Es gibt ja schon seit Längerem eine Art von Konkurrenzkampf zwischen der Fiba und der Euroleague. Für die Champions League ist Alba Gold wert. Es war sicher nicht ganz einfach, in der Euroleague zu spielen und viel zu verlieren. Das nimmt man ja als Mannschaft auch mit in die nächsten Spiele, in die Bundesliga. Das zehrt physisch, emotional und psychisch.

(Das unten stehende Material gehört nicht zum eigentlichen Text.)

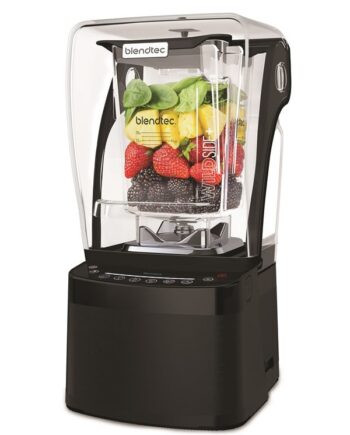 Sort Blendtec Blender Pro 800 Black 1800 - Blendtec Blendere  - 849369006984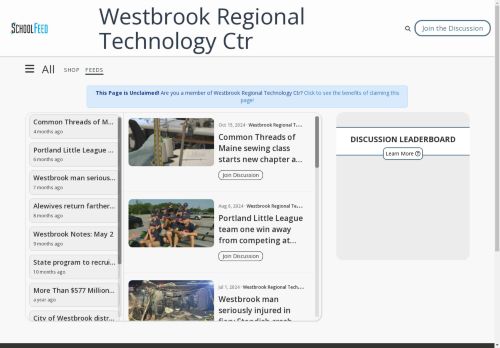 Westbrook Regional Technology Ctr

Gibt es genug Typen in der BBL?
Ich glaube generell, dass Basketball nicht so groß ist, wie es sein könnte, weil die Stars fehlen. Andreas Obst ist ein Star, und die Leute kennen ihn. Aber es gibt relativ wenige Spieler, die außerhalb der Basketball-Bubble bekannt sind. Zum Vergleich: Menschen, die keinen Fußball gucken, wissen trotzdem, wer Thomas Müller oder Joshua Kimmich ist. Aber im deutschen Basketball ist das nur bei den Wagner-Brüdern und Dennis Schröder gegeben. Und vielleicht bei Isaiah Hartenstein, also bei NBA-Spielern.
[–>Was kann man tun?
Wenn man es schaffen könnte, mehrere Spieler aufzubauen, hätte man größere Chancen, Basketball bekannt zu machen. Ich habe noch niemanden getroffen, der zu einem Spiel gegangen ist und danach gesagt hat: „So ein blödes Spiel, da geh ich nie wieder hin.“ Der Sport ist faszinierend und hat etwas, was viele andere Sportarten nicht haben. Das richtig herauszukristallisieren, das ist für uns in Deutschland die Aufgabe.
Isaiah Hartenstein hat für die EM abgesagt. Enttäuscht Sie das?
Er spielt sehr beeindruckend, ist einer der besten Center in der NBA. Natürlich wäre es toll, wenn er dabei wäre. Wir sind allerdings auch ohne Isaiah Hartenstein Weltmeister geworden. Er will jetzt die Kräfte sammeln, sich mental und emotional auf die nächste Saison vorbereiten. Trotzdem ist Deutschland einer der Favoriten.